A decisão foi tomada como forma de evitar um surto da bactéria Salmonella. A ação é uma resposta a um alerta internacional sobre um surto de uma cepa resistente a antibióticos, identificado inicialmente nos Estados Unidos.
A proibição ocorre porque o suplemento, fabricado pela empresa Ambrosia Brands LLC, foi identificado como fonte potencial de contaminação. Além disso, produtos à base de Moringa oleifera já tinham sua comercialização restrita no país desde 2019, por falta de comprovação de segurança.

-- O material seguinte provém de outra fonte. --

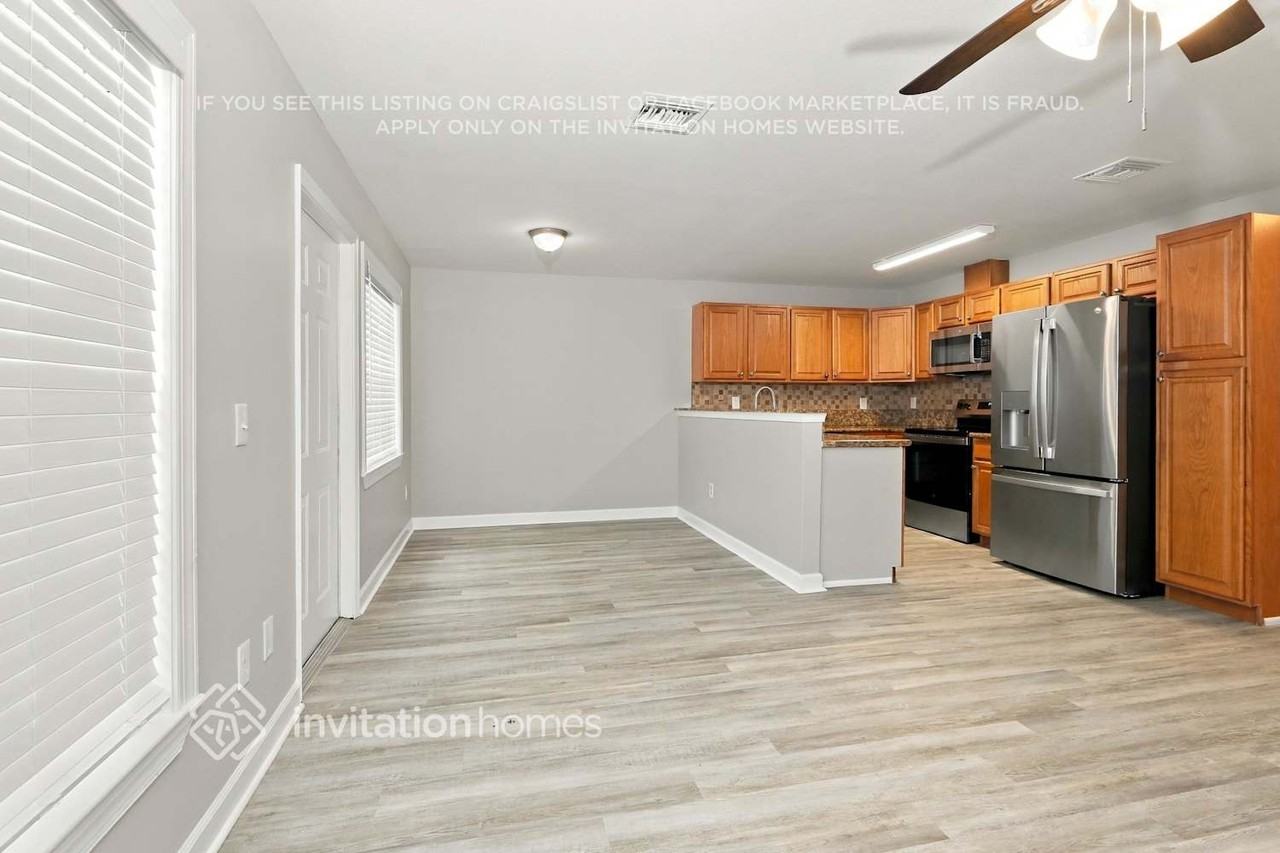 170 Carol Susan Ln - Photo 5 of 18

A Anvisa agiu após um alerta emitido pelo FDA, órgão regulador de saúde dos Estados Unidos. Embora a importação comercial formal do produto não estivesse registrada, a agência monitora vendas ilegais em plataformas de comércio eletrônico, como o Mercado Livre.

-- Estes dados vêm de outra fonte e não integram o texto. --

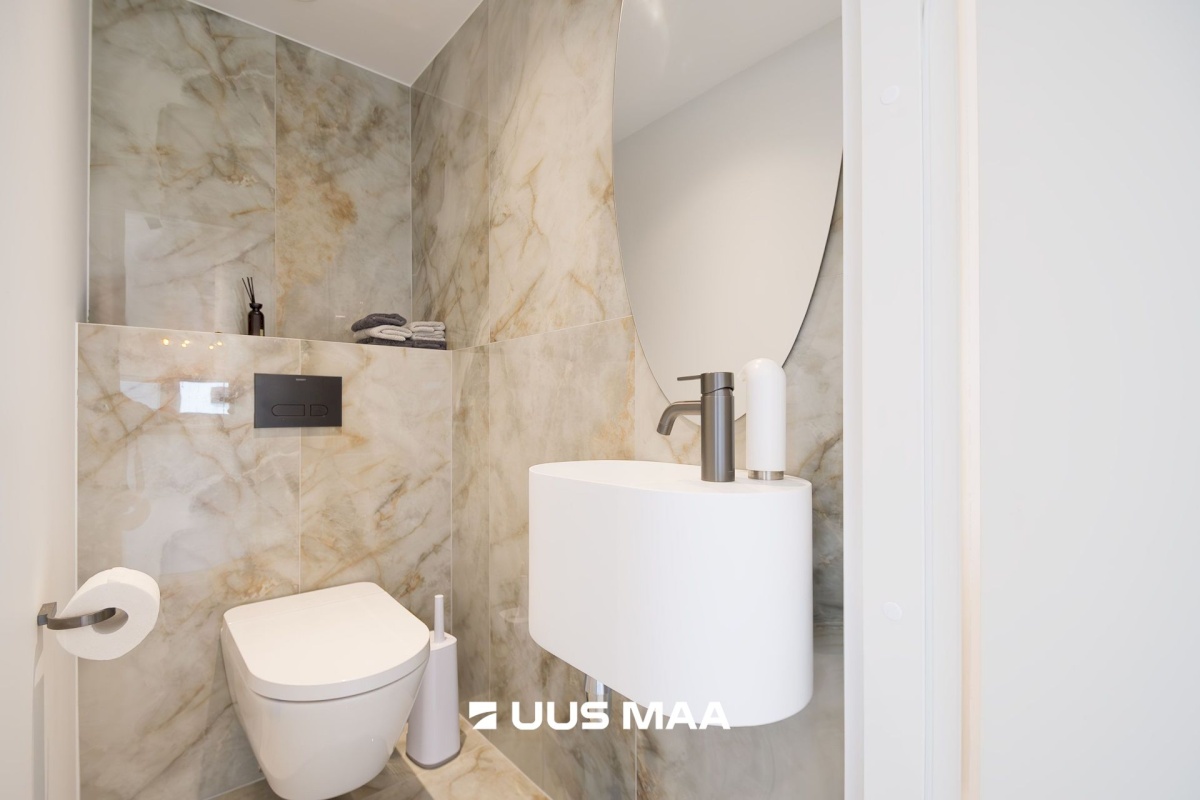 Saaremaa vald, Kuressaare linn, Vikerkaare tn 5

Os consumidores que possuem o produto devem verificar o número do lote no rótulo e interromper o uso imediatamente. A recomendação é descartar as cápsulas, mesmo que não apresentem sinais visíveis de alteração, pois a bactéria não pode ser vista a olho nu.

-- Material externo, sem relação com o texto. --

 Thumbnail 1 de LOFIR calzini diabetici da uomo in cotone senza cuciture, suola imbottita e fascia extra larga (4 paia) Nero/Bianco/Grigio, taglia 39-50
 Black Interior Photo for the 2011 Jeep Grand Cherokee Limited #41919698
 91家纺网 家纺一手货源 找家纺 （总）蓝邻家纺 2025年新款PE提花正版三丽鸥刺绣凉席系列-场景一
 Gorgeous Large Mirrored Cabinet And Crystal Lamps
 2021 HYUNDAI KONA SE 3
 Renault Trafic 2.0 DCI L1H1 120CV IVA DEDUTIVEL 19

Os sintomas da infecção por Salmonella, conhecida como salmonelose, geralmente aparecem entre 12 e 72 horas após a ingestão do alimento contaminado. Eles incluem diarreia severa, febre alta e cólicas abdominais fortes, podendo durar até uma semana.
A cepa envolvida neste caso é motivo de preocupação extra por apresentar resistência a antibióticos comuns. Isso pode dificultar o tratamento, exigindo medicamentos mais potentes para controlar a infecção gastrointestinal.
Os grupos de maior risco para complicações graves são idosos, crianças menores de 5 anos e pessoas com o sistema imunológico enfraquecido, como pacientes em tratamento de câncer ou transplantados. Nessas pessoas, a bactéria pode causar infecções mais sérias.
A Anvisa reforça que o suplemento nunca teve sua segurança comprovada para consumo humano. A agência também alerta sobre os potenciais efeitos tóxicos do produto ao fígado.
A resolução que oficializa a suspensão é a RE 1.245/2026, publicada em 3 de abril de 2026. A lista completa dos lotes proibidos está disponível no portal oficial da Anvisa.
Caso um consumidor encontre anúncios deste suplemento em sites brasileiros, a orientação é formalizar uma denúncia pelos canais oficiais da vigilância sanitária. A venda de qualquer alimento contendo Moringa oleifera é considerada irregular no país.
A vigilância sanitária mantém o alerta para evitar que produtos sem registro adequado ofereçam risco à população. Suplementos seguros devem ser fabricados apenas com ingredientes autorizados pela legislação.